NATO首脳会議に岸田首相が出席、「中国の脅威」あおる
 米国の首都ワシントンで7月9-11日、北大西洋条約機構(NATO)首脳会議が行われた。岸田首相は「パートナー」として3年連続で出席した。
 岸田首相は、「欧州大西洋とインド太平洋の安全保障は不可分」として、NATOとIP4の連携をより強固なものとする必要性を訴えた。
 首脳宣言では、中国を「ウクライナへの侵略を続けるロシアの決定的な支援者」などと批判しているが、このような内容を盛り込むに当たって日本政府が各国に働きかけたという報道もある。だが中国は、グローバルサウスの多くの国と同じように、ウクライナとロシアに対しては中立の立場を堅持している。批判は全くの言いがかりだ。
 中国敵視をあおりNATOをインド太平洋に拡大させようとする日本外交は、対立と軍事的緊張をあおる犯罪的な姿勢だ。しかしその策動も、NATO加盟国がウクライナ支援でさえ出し渋るなか、徒労に終わることは目に見えている。

日比2+2で円滑化協定署名、南シナ海への関与拡大
 日本とフィリピン両政府は7月8日、外務・防衛閣僚協議(2+2)をマニラで開いた。安全保障・防衛協力を強化すると確認し、自衛隊とフィリピン軍の相互往来を容易にする円滑化協定にも署名した。日本にとって円滑化協定締結は「準同盟国」と位置づける豪州、英国に続く3カ国目。
 2022年に対米関係重視のマルコス政権が発足して以降、中国けん制を念頭に、米日両政府はフィリピンの「準同盟国化」を加速させている。6月には海上自衛隊がフィリピン、米、カナダとの4カ国による南シナ海での共同軍事訓練に初めて参加するなどしている。
 南シナ海の領有権問題に関し、日米両国は当事者ではない。日本は南シナ海問題に首を突っ込んで対立をあおることはやめるべきだ。

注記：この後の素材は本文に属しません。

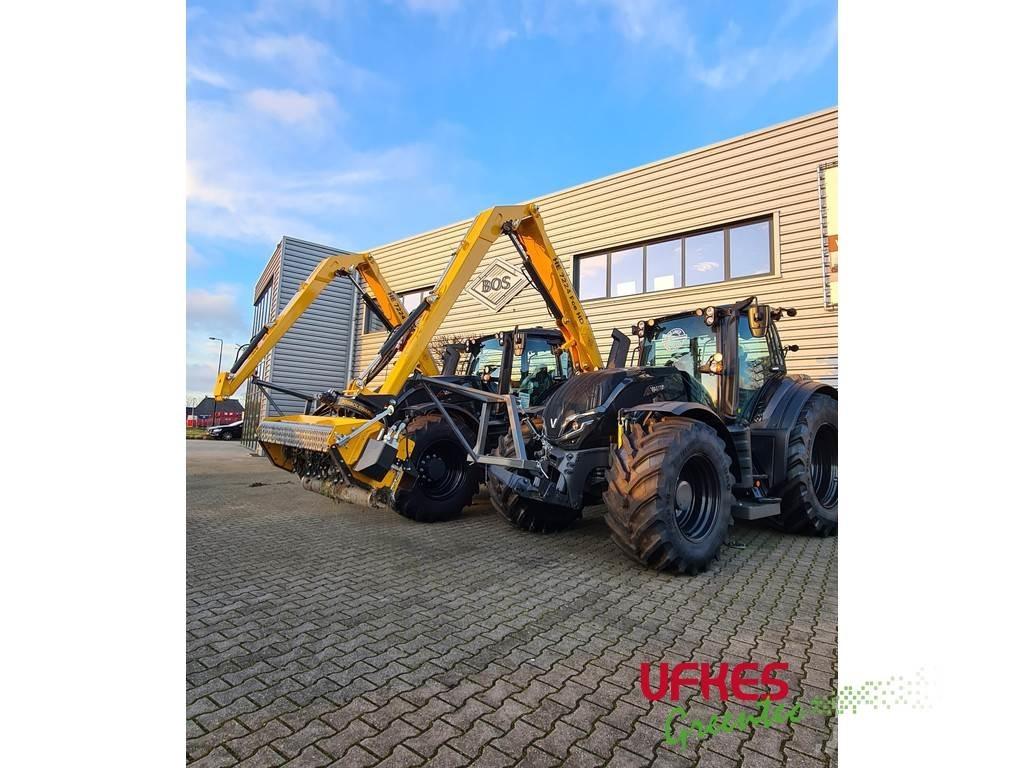 Valtra T 175 Traktorid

防衛白書、「ウクライナと同様の事態が東アジアでも」と危機あおる
 防衛省は7月12日、「2024年版防衛白書」を公表した。中国の軍事的動向を「わが国の平和と安全を確保する上で、これまでにない最大の戦略的な挑戦」と位置づけた。また日本の周辺事態について、中国を念頭に「国際社会は戦後最大の試練のときを迎え、新たな危機の時代に突入しつつある」「ロシアによるウクライナ侵略と同様の深刻な事態がインド太平洋地域、とりわけ東アジアで発生する可能性は排除されない」などと明記、これまでになく危機感をあおった。

防衛省220人処分、軍需産業との癒着も
 防衛省は7月12日、「特定秘密」の漏えいや海自潜水士による手当の不正受給などの違反・不正があったとして、事務次官や自衛隊制服組トップを含む関係者計218人(のべ220人)の処分を公表した。200人以上が一斉に処分される異常事態。木原防衛相は、最も多くの違反があった海上自衛隊トップの海上幕僚長を交代させることを明らかにした。
 また同省は、川崎重工業が海自との潜水艦修理契約に関して、取引先企業との架空取引でつくった年間2億円、合計十数億円とみられる裏金で海自隊員らに接待や金品の提供をしていた疑惑について「特別防衛監察」を早急に進めるとしており、処分者はさらに増える見通しだ。
 岸田政権が防衛費を激増させるなか、これに群がろうとする軍需産業が水面下でうごめいている実態の一端を示すものでもある。

実質賃金減26カ月連続、過去最長を更新
 厚労省は7月8日、5月の毎月勤労統計調査(速報、従業員5人以上の事業所)を発表した。実質賃金は前年同月より1.4%減り、過去最長を更新する26カ月連続のマイナスとなった。労働者の困窮化はいちだんと深刻化している。
(参考記事)

博報堂に罰金2億円、五輪談合
 東京地裁は7月11日、東京五輪・パラリンピックを巡る談合事件で、広告大手・博報堂に対し、独禁法違反(不当な取引制限)で求刑通り罰金2億円)を言い渡した。一連の談合事件で、企業側の判決は初めて。